Brief: Transcribe the lines below exactly, beginning with the line that holds "Postel nebo postele" and ending with the final line, both included. Pictures are to be left out.

_____

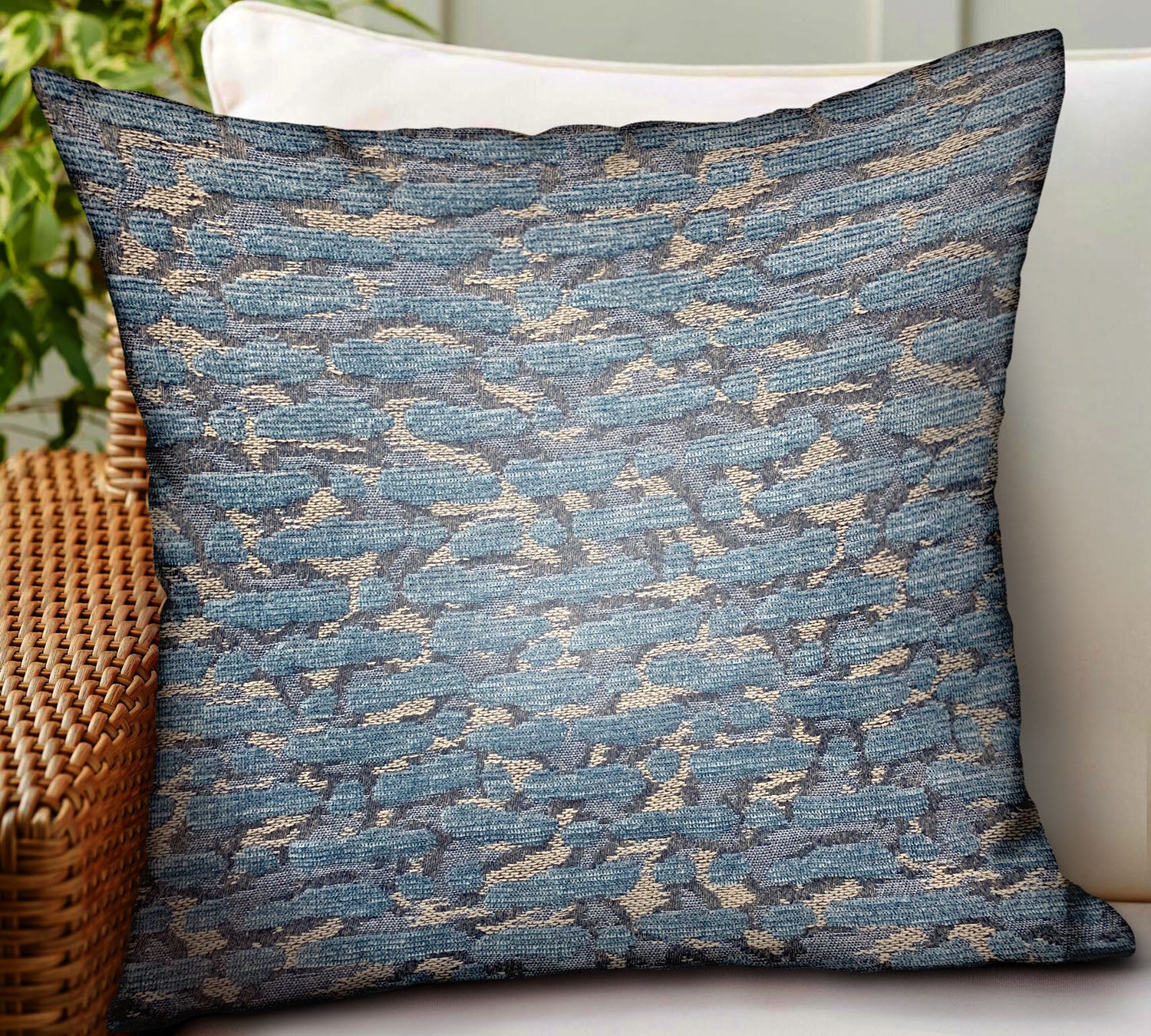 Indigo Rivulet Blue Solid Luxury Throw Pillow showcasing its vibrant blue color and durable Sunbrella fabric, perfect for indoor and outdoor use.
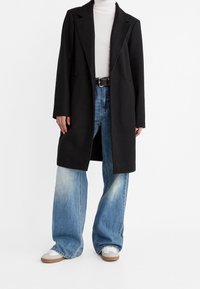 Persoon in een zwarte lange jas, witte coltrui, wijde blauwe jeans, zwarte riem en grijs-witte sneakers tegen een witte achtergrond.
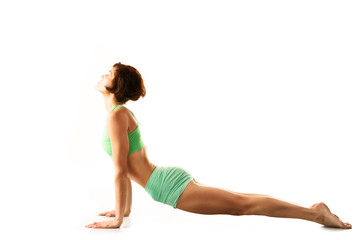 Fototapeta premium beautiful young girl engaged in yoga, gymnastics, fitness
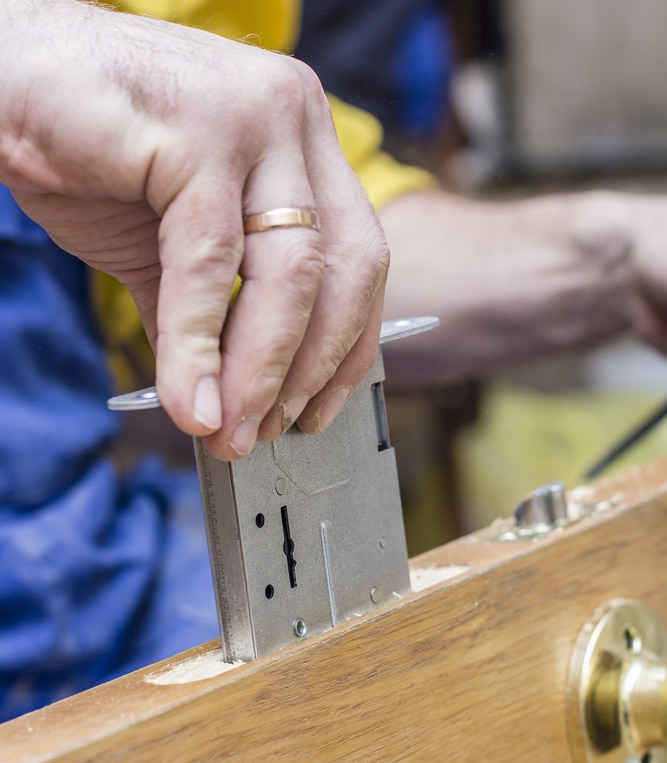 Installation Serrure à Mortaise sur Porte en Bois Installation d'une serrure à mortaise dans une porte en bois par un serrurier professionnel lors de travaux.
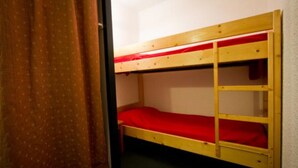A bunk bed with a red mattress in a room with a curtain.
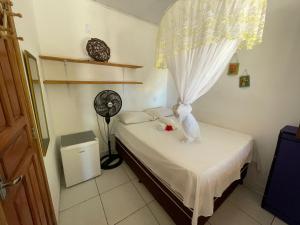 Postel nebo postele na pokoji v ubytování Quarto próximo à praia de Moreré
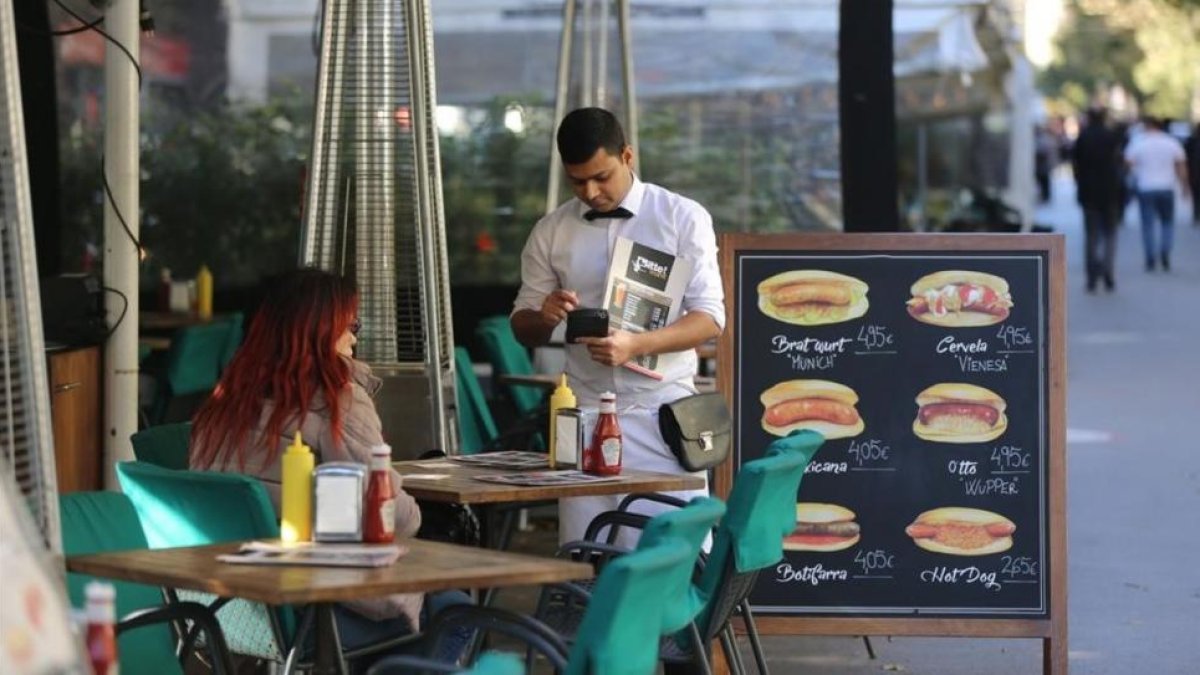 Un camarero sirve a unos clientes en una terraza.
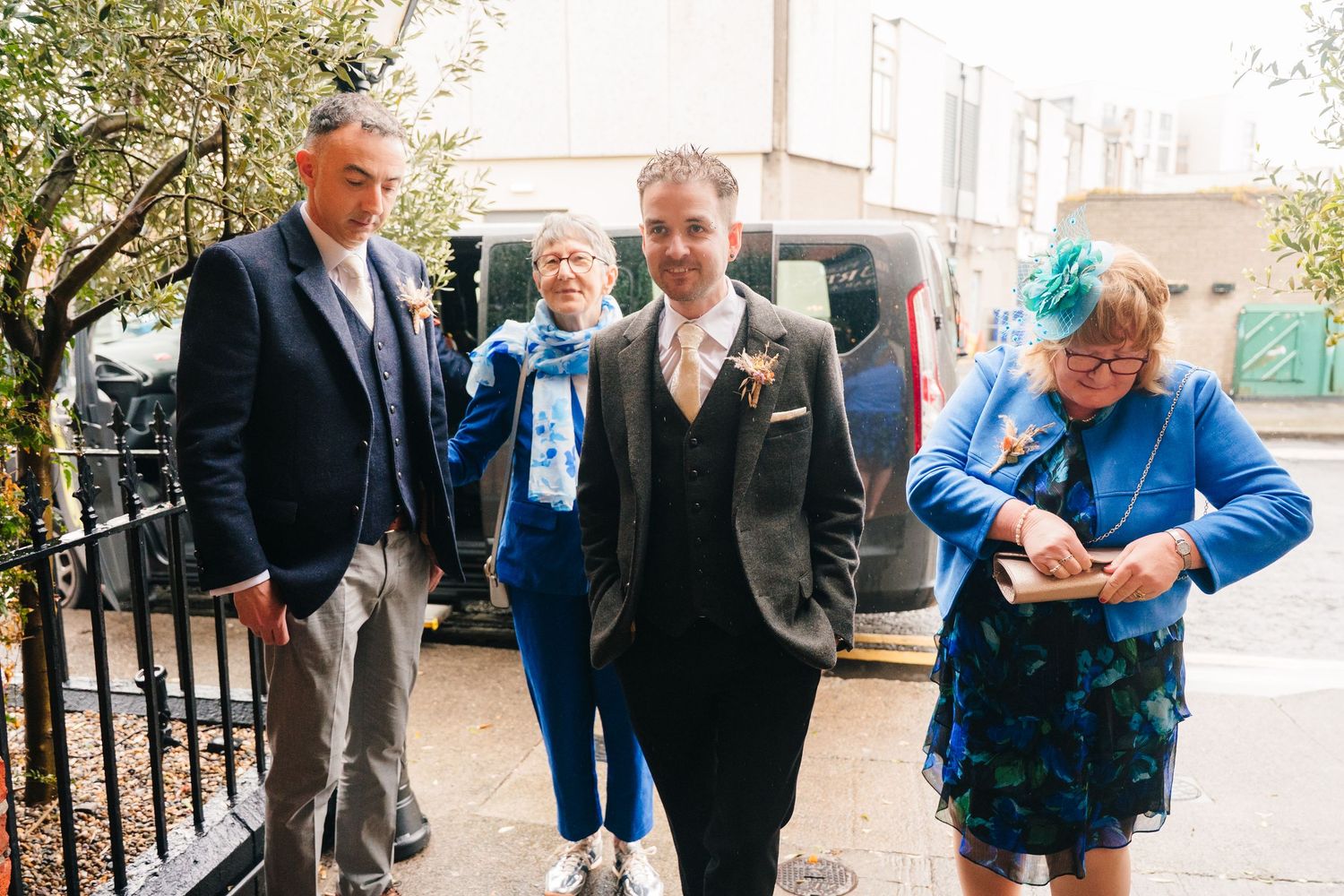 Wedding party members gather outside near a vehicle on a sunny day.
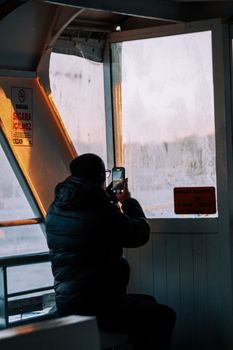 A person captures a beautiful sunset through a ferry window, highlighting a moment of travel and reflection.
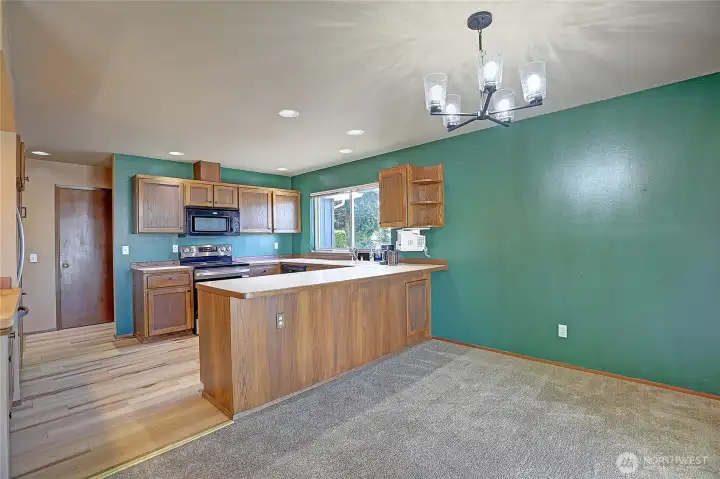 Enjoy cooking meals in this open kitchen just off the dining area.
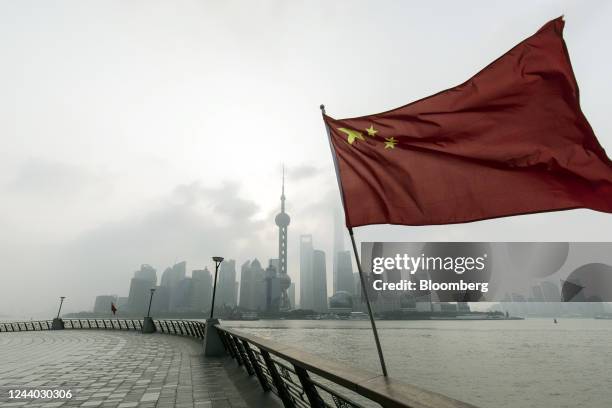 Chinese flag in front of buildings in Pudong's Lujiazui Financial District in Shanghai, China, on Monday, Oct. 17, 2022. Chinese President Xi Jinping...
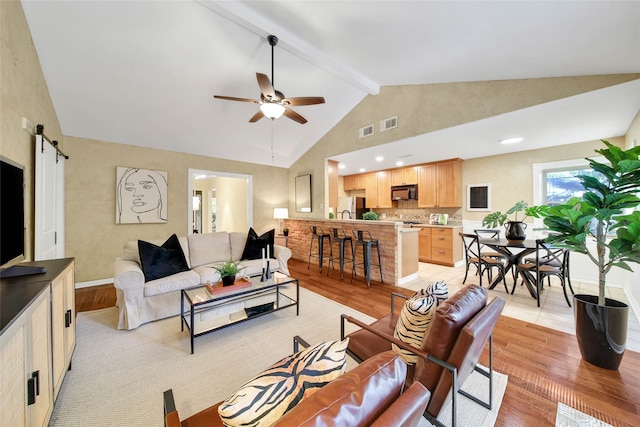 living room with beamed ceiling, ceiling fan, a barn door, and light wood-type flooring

_____

Exercise response:
 Postel nebo postele na pokoji v ubytování Quarto próximo à praia de Moreré
 Un camarero sirve a unos clientes en una terraza.
 Wedding party members gather outside near a vehicle on a sunny day.
 A person captures a beautiful sunset through a ferry window, highlighting a moment of travel and reflection.
 Enjoy cooking meals in this open kitchen just off the dining area.
 Chinese flag in front of buildings in Pudong's Lujiazui Financial District in Shanghai, China, on Monday, Oct. 17, 2022. Chinese President Xi Jinping...
 living room with beamed ceiling, ceiling fan, a barn door, and light wood-type flooring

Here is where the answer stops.